The new European General Data Protection Regulation (GDPR) comes into force on 25th May 2018. It’s a key date for businesses in the UK, large or small because compliance with the new stricter regulation is mandatory and fines are tougher than ever before.
It’s worth pointing out that the UK will continue to be committed to GDPR after we’ve left the European Union – Brexit will make no difference to the need for compliance. Any Data Protection Act that comes into force after Brexit will directly mirror GDPR provisions.
In a nutshell, GDPR comprises the following main provisions:
- Businesses who routinely process extensive personal information or large amounts of personal data must employ a Data Protection Officer (DPO) whose role it is to deal with any data protection queries and ensure compliance with GDPR.
- Individuals will have far greater rights about how businesses use their data. This may include the ‘right to be forgotten’ and have their data erased unless the company can show legal grounds for continued use.
- The new regulations will apply to any business processing personal data, including smaller businesses with less than 250 employees. Any data breach that impacts the rights of data subjects must be reported to the Information Commissioner’s Office (ICO) within 72 hours maximum.
- Failure to comply with data protection legislation currently carries a fine of up to £500,000 by the ICO but businesses in breach could be charged up to €20 million (or 4% of turnover) under GDPR. Businesses can be sued by individuals suffering as a result of data mismanagement.
Is GDPR relevant for your business?
GDPR is built around two key principles. It is designed to give people more control over their own personal data, and it simplifies and unifies regulations for businesses across the European Union (EU). The provisions will apply to any business that processes personal data of EU citizens including customer, supplier, partner and staff.
If your company collects and deals with such data on a regular basis, whether it’s from your mobile phone, on a spreadsheet, a computer network or in a cloud-based CMS, you’ll need to comply with GDPR. If you’re not sure about your company’s situation, or how to go about becoming compliant, you should take advice from an experienced IT lawyer.
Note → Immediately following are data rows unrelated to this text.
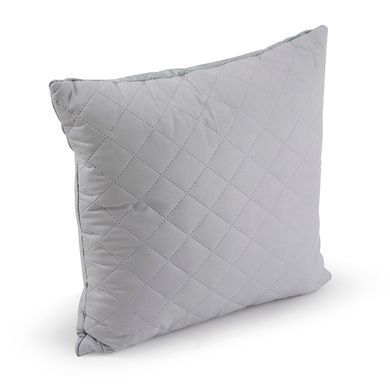 Фото Декоративна велюрова подушка Руно Velour Grey Ромб Сіра 311.55_Grey ромб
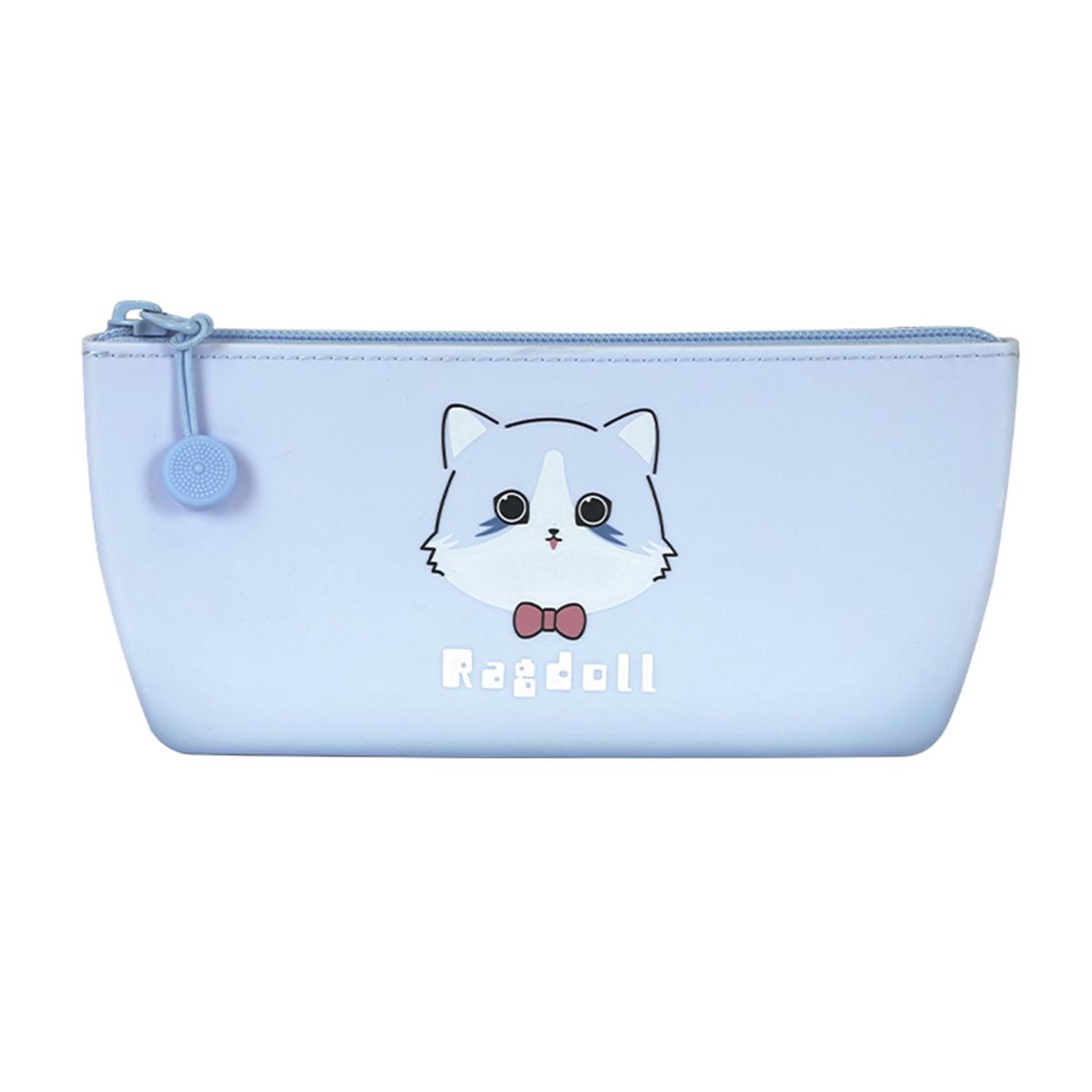 NBX Pencil Case Silicone Pouch Stand Up Pen Makeup Bag Holder Waterproof Soft Stationery Box Organizer Portable Storage Zipper for Students Kids Teen Adults Women Girls Office School Supplies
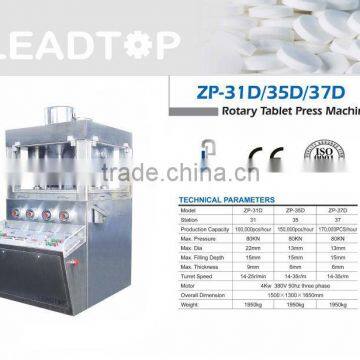 D Tooling Model ZP-31D Rotary Type Tablet Press Machine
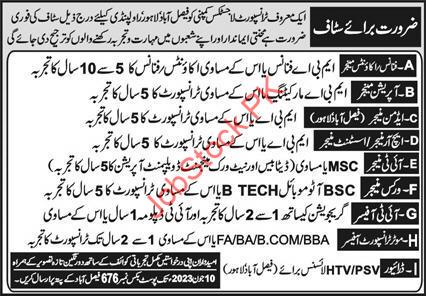 Private Company Lahore Jobs 2023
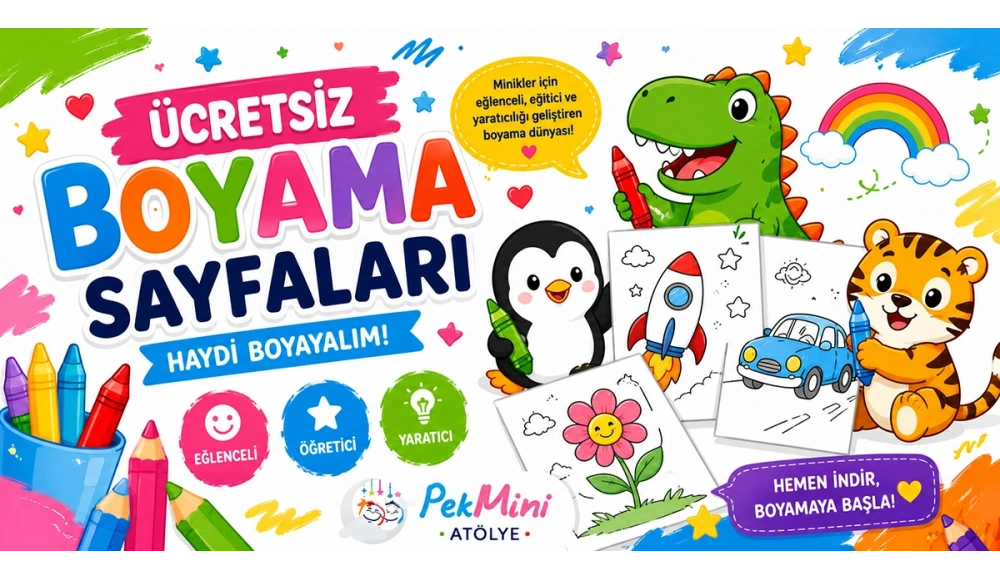 PekMini Atölye Boyama Sayfaları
As a small business, it’s worth going through the checklist below to make sure you’ve taken account of all types of data subjects, including past and present employees, suppliers and customers, whose data you’re collecting, storing and using.
- You must demonstrate an understanding of the type of personal data you hold, how it is collected, how it is being used and where it is going. This includes name, contact information, bank details, email and web addresses and images, as well as sensitive or special data such as religious beliefs or health details
- Are you relying on consent to process the data, for example as part of your marketing campaigns? If so, these activities may become more difficult because, under GDPR, consent must be clear, specific and explicit.
- In order to be GDPR compliant, you will need to show that robust security measures and policies are in place. Review your internal processes and systems and consider the broad use of encryption as an added layer of data security.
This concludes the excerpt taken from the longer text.